Why im looking for a Malinois, They have a EXTREME high drive and since im becoming a trainer this would be perfect for me IMO because i will be giving the dog my full attention I have mastered Obedience with my Skye she has a SOLID Sit, Stay, Come, Down-stay Heel ,Leave it, Let go, etc she's a really good *Obedience* dog but she can't do schutzhund nor PPD, Personal Protection was my original goal because i would be able to do the Obedience totally by myself socialization for the puppy would be no problem etc this seems to fit Perfectly for a just about any working line Malinois, Where a shepherd i might be to much in the exercise department Skye is 25% rottweiler or so and she can't keep up with me some of the time but she's pretty good. If i where to get a Malinois i would mostly be interested in Personal protection but i am a athletic person who probably wouldn't need a dog for personal protection but i still would love to have one- 1 I would feel more comfortable in alot of places Ie there are druggies etc (I live in canada) I only found the climate might be to cold for the Malinois sometimes.

I have left out the shepherd mostly because in this particular post im not so interested in the shepherd as the Malinois, This IS a GSD site lol but i have not seen anything related to information i need except here,

I realise SchH is a sport and PPD is basically entirely different. This isn't so much about SchH but about Malinois ability in SchH or PPD compared to a GSD 
In either or.. i can give further details if i need to i am extremely keen on learning more thanks


----------



## Packen

Mals are great for Sch, you just need to find one that can track.


----------



## David Winners

Don't judge the GSD off one example that isn't even purebred. There are lots of GSDs that excel in PPD and sports. You just need the right dog, which starts with the right breeder. There are plenty of GSDs that rank right up there with mals when it comes to drive.

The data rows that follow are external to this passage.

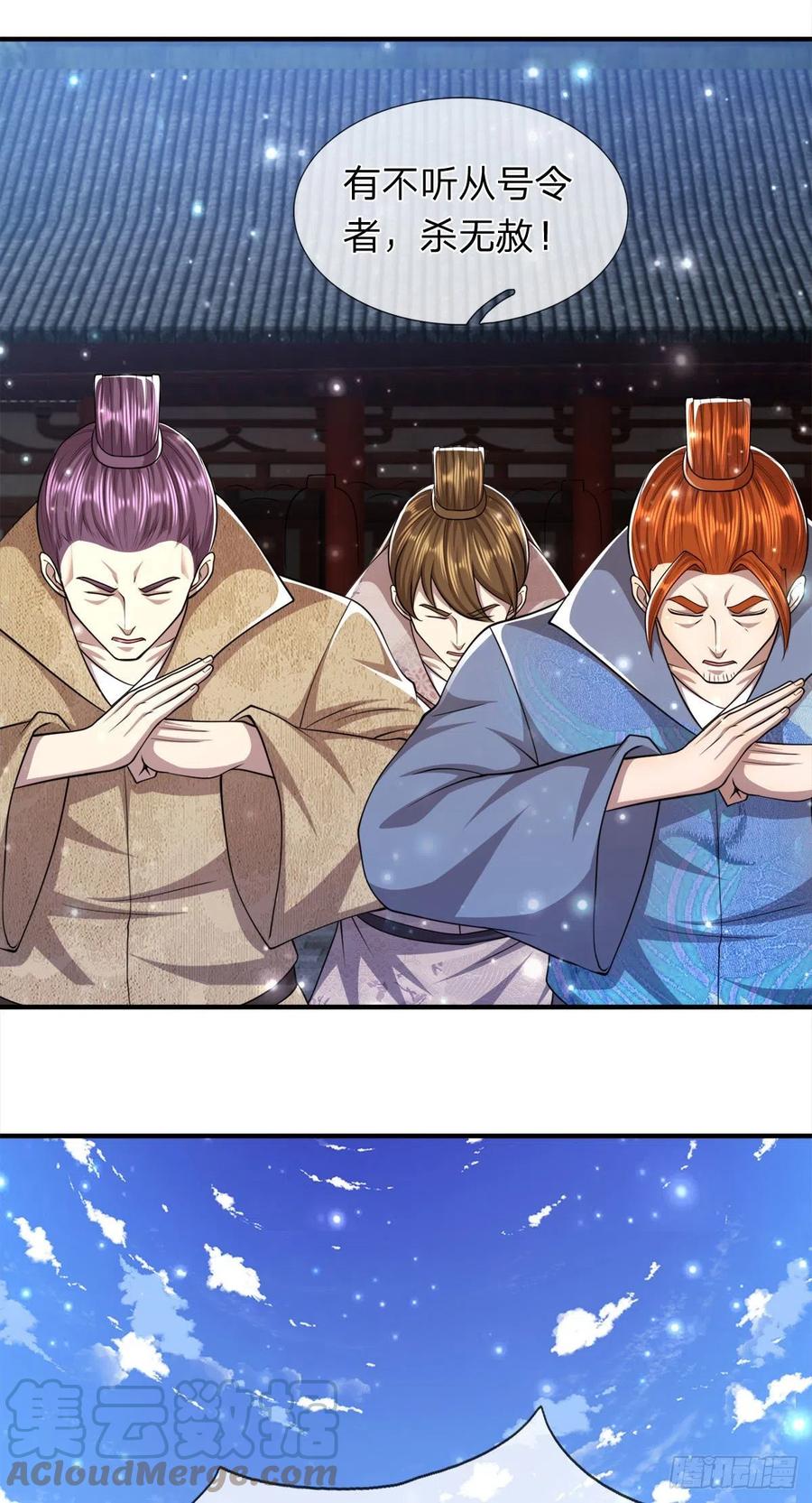 被困百万年：弟子遍布诸天万界漫画,第97话 掌门殿成，护山大阵1图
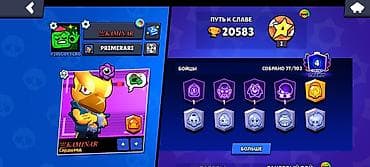 Nintendo: Аккаунт Brawl Stars - Кубки: 20 583 (путь к славе — I ранг) - Собрано — 1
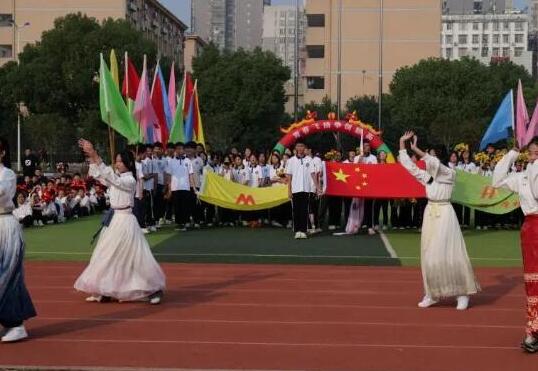 华中初中部第19届“金色年华”体育节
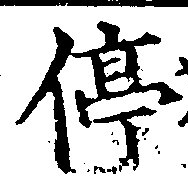 Located 停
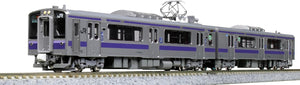 Kato 10-1556S Series 701-1000 Morioka Color 2-Car Set N Scale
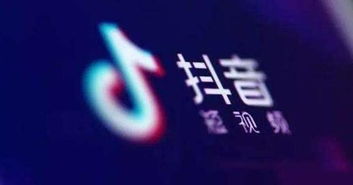 如何在抖音上取一个吸引人的努力赚钱类名字？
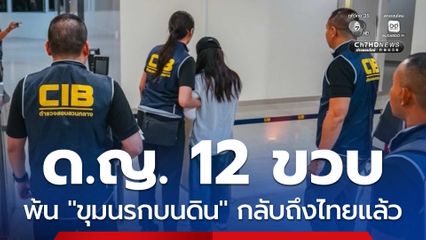 ด.ญ. 12 ขวบ พ้น "ขุมนรกบนดิน" กลับถึงไทยแล้ว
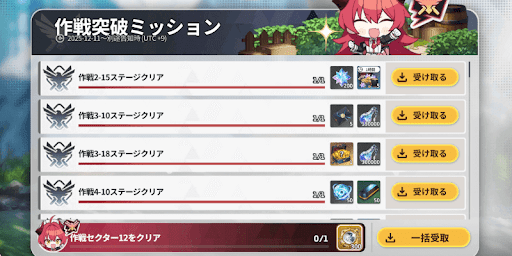 作戦突破ミッション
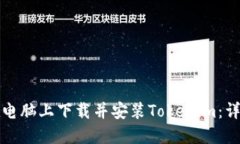 如何在电脑上下载并安装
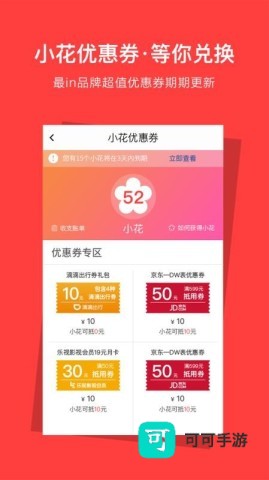 资和信亿平方 第3张图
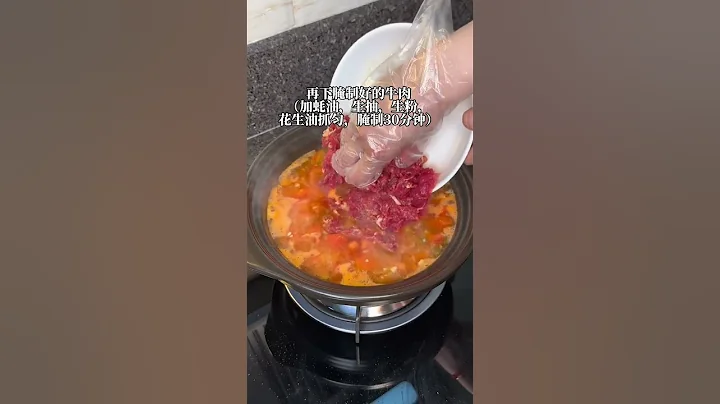【番茄牛肉煲】潮汕人的家常美食，酸酸甜甜真的太好吃了而且營養豐富，一上桌就被小孩子搶完了~ #dinner #lunch #美食 #food - 天天要聞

That said, Malinois excel at the top of sports and military / LE operations. If you are looking to take the podium, you probably want a mal and some great trainers.


David Winners


----------



## crackem

Mal's can be great, and I don't want to burst your bubble, but hang around long enough and you'll find more than one or two Mal's that can't hack it either. 

Do your homework, find good dogs, then find out where those dogs are coming from and go there to get one. Doesn't matter if it's GSD or Mal.


----------



## Neko

Not sure why GSD is not for a novice handler if you find the right one... It's my first dog, we are doing amazing with him and easiest dog to train. =)


----------



## wildo

The more Mals I see (and of course owning one [potentially a mix]) the more I absolutely love them. They are more compact, more agile, higher drive, more compliant, require less corrections, etc, etc. Yes- those are over generalizations, but they are my observations having met a few. I can't say I've met as many Mals as perhaps Packen has since IPO folks probably see a lot of them. Still, I'm rather sold on the breed over a GSD.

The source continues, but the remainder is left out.